[Libvir] PATCH 0/2: Support QEMU (+KVM) in libvirt

Fri Jan 5 21:14:30 UTC 2007

The following series of (2) patches adds a QEMU driver to libvirt. The first patch
provides a daemon for managing QEMU instances, the second provides a driver letting
libvirt manage QEMU via the daemon. 

Basic architecture
------------------

The reason for the daemon architecture is two fold:

 - At this time, there is no (practical) way to enumerate QEMU instances, or
   reliably connect to the monitor console of an existing process. There is
   also no way to determine the guest configuration associated with a daemon.

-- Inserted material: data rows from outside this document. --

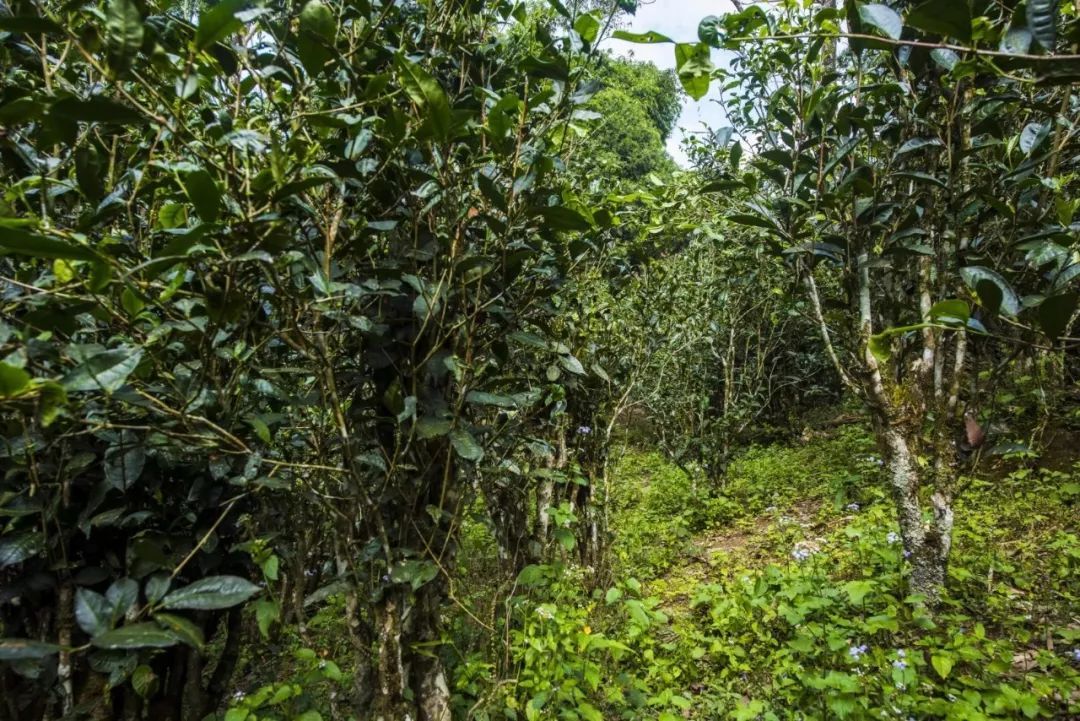 2021年冰島糯伍古樹秋茶口感是什么？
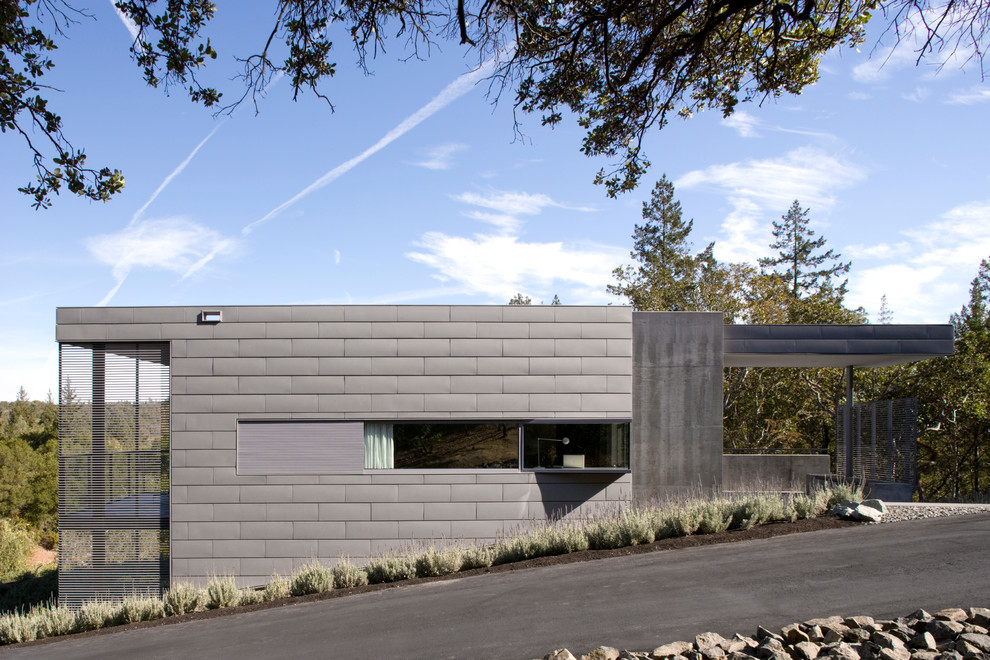 Ispirazione per la facciata di una casa moderna con rivestimento in metallo e tetto piano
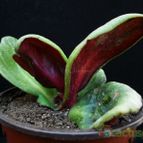 Collecion de Avonia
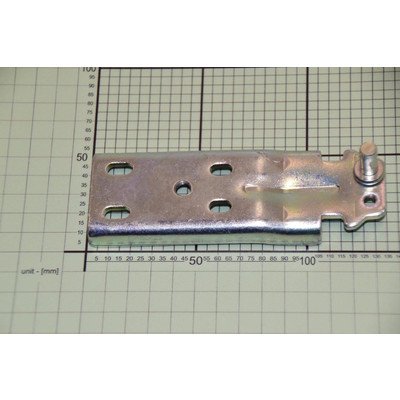 Zawias dolny (1036289)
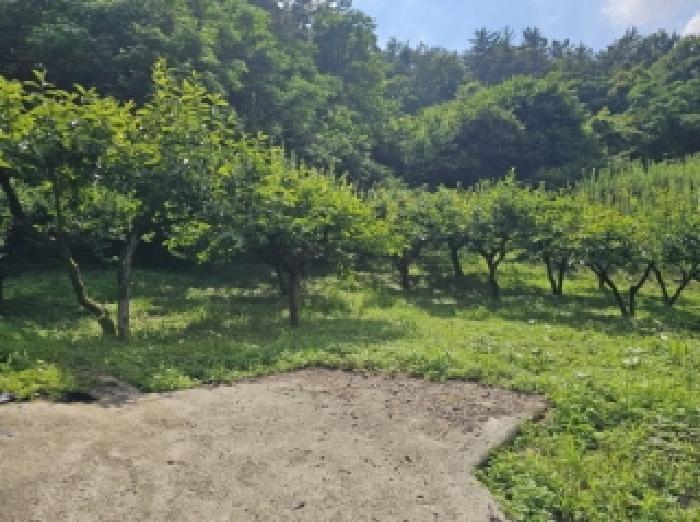 전라남도 순천시 별량면 우산리 341 전 경매 사진 5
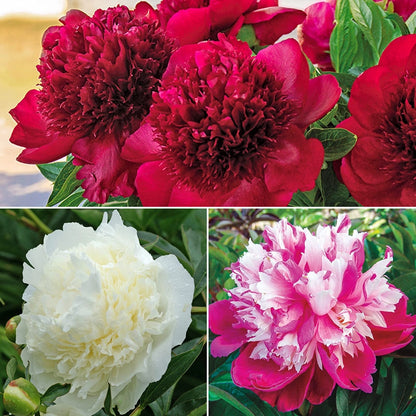 Bouquet Builders Peony Collection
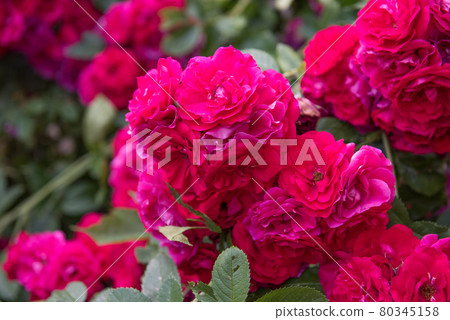 beautiful red roses bush in summer garden on summer beautiful red roses bush in summer garden on summer 80345158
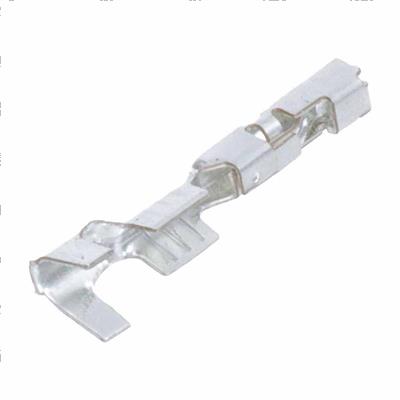 Picture of Terminal Female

 - It is desirable to be able to manage QEMU instances using either an unprivilegd
   local client, or a remote client. The daemon can provide connectivity via UNIX
   domain sockets, or IPv4 / IPv6 and layer in suitable authentication / encryption
   via TLS and/or SASL protocols.

Anthony Ligouri is working on patches for QEMU with the goal of addressing the 
first point. For example, an extra command line argument will cause QEMU to save
a PID file and create a UNIX socket for its monitor at a well-defined path. More
functionality in the monitor console will allow the guest configuration to be
reverse engineered from a running guest. Even with those patches, however, it will
still be desirable to have a daemon to provide more flexible connectivity, and to
facilitate implementation libvirt APIs which are host (rather than guest) related.
Thus I expect that over time we can simply enhance the daemon to take advantage of
newer capabilities in the QEMU monitor, but keep the same basic libvirt driver
architecture.

Considering some of the other hypervisor technologies out there, in particular 
User Mode Linux, and lhype, it may well become possible to let this QEMU daemon
also provide the management of these guests - allowing re-use of the single driver
backend in the libvirt client library itself.

XML format
----------

As discussed in the previous mail thread, the XML format for describing guests
with the QEMU backend is the same structure as that for Xen guests, with 
following enhancements:

  - The 'type' attribute on the top level <domain> tag can take one of the
    values 'qemu', 'kqemu' or 'kvm' instead of 'xen'. This selects between
    the different virtualization approaches QEMU can provide.

  - The '<type>' attribute within the <os> block of the XML (for now) is 
    still expected to the 'hvm' (indicating full virtualization), although
    I'm trying to think of a better name, since its not technically hardware
    accelerated unless you're using KVM

  - The '<type>' attribute within the <os> block of the XML can have two
    optional 'arch' and 'machine' attributes. The former selects the CPU
    architecture to be emulated; the latter the specific machine to have
    QEMU emulate (determine those supported by QEMU using 'qemu -M ?').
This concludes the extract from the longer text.